La habitacion no estaba tan llena como pensaba. Pasamos por el vertibulo hacia una puerta grande en forma de arco que conducia a lo que suponia era la sala de estar. Era mas grande que mi casa entera o mejor dicho, la que fue mi casa. Dos puertas de cristal estaban abiertas con una inprecionante vista al mar. Queria verlo de cerca.

- Por aqui - indico Agus mientras se hacia camino a un... ¿Bar? ¿En serio? ¿Habia un bar en esta casa?

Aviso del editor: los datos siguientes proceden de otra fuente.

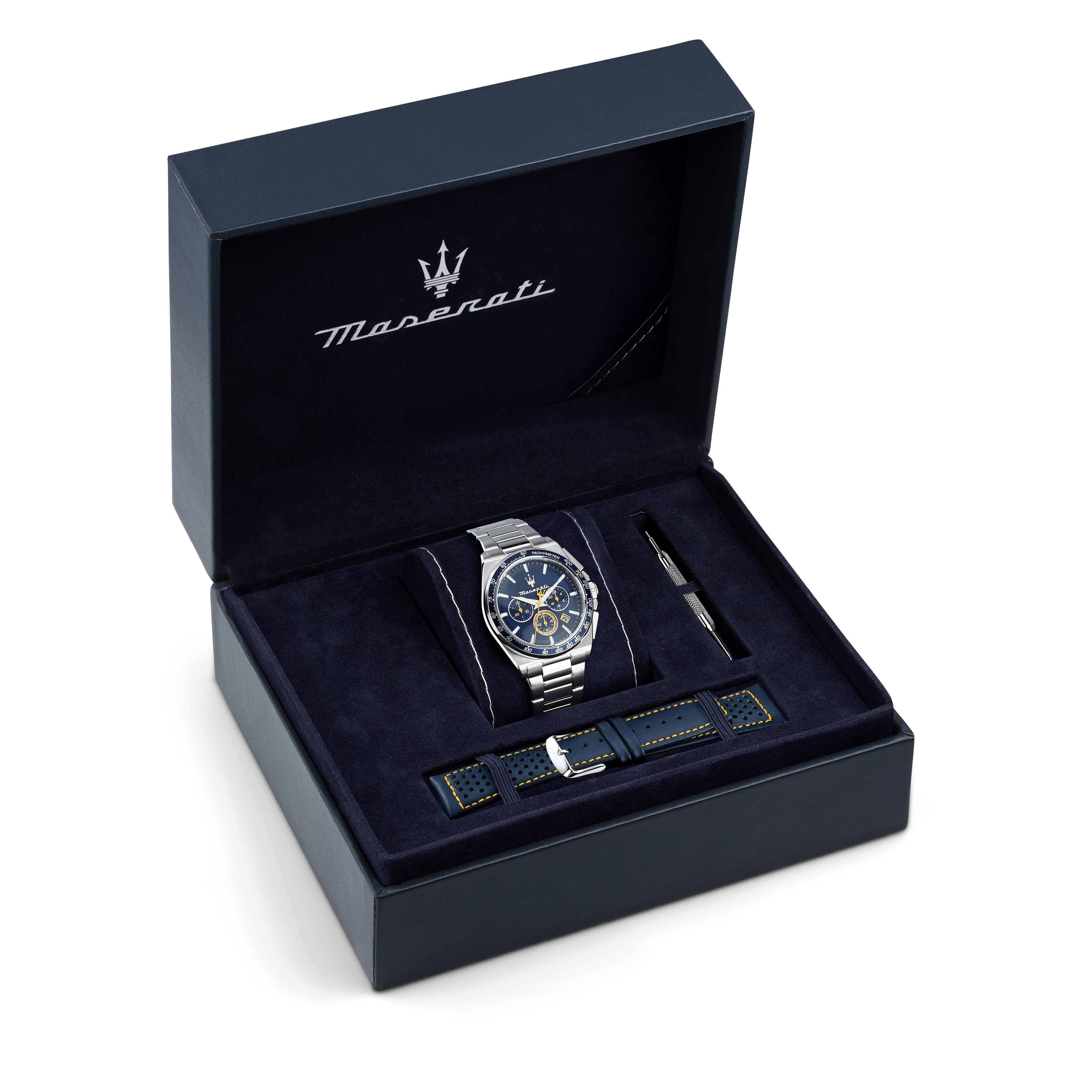 Maserati Velocità Men's Watch R8873652001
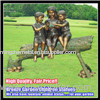 Large Size Casting Bronze Sculpture for Public Arts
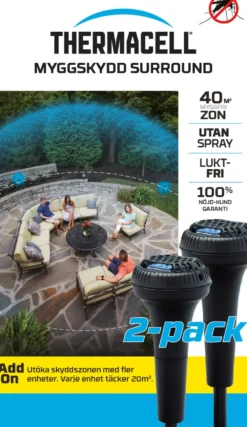 Thermacell Surround Myggskydd 2-pack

Mira a las personas alrededor. Todos se detuvieron por un momento, dandome una mirada rapida. Sobresalia demaciado.

- Peter, conoce a Lali, creo que ella te pertenece. La encontre afuera un poco perdida - Dijo Agus y gire mi mirada de los curiosos al tan mentado Peter.

Oh.

Oh. Mi.

- ¿A si? - Respondio Peter en un acento perezoso y se inclino hacia adelante desde su posicion relajada en el sofa blanco con una cerveza en la mano - Es linda, pero joven. No puedo decir que es mia.

- Oh, si que es tuya. Ya que su papi huyo a Paris con tu mama por las proximas semanas. Yo diria que ahora te pertenece a ti. Yo con mucho gusto le puedo ofrecer una habitacion en mi casa, si quieres. Eso es, claro, si se compromete a dejar su arma mortal en la camioneta.

Peter entrecerro los ojos y me estudio con atencion. Eran de un color extraño. Increiblemente inusuales. No eran de color marron. Tampoco eran de color avellana. Eran de un color calido y algo de plateado en ellos. Nunca habia visto nada igual. ¿Podran ser contactos?

- Eso no le hace mia - Respondio finalmente y se recosto en el sofa donde habia estado reclinado cuando entramos.

Agus se aclaro la garganta - Es una broma, ¿Verdad?

Peter no contesto. En su lugar, tomo un trago de la bottella en sus manos. Su mirada se desplazo hacia Agus y pudo ver la clara advertencia en ellos. Me iba a decir que me marchara. Eso no era bueno. Tenia exactamente vente dolares en mi cartera y estaba casi sin gasolina. Ya habia vendido cada cosa de valor que tenia. Cuando llame a mi padre le explique que solo necesitaba un lugar para quedarme hasta que consiguiera un trabajo y ganara el dinero suficiente para poder rentar mi propio lugar. El rapidamente acepto y me dio esta direccion diciendome que le encantaria que viniera q vivir con el.

Peter volvio su atencion a mi. Esperaba a que yo hiciera algo. ¿Que queria que le dijera? Una sonrisa toco sus labios y me guiño un ojo.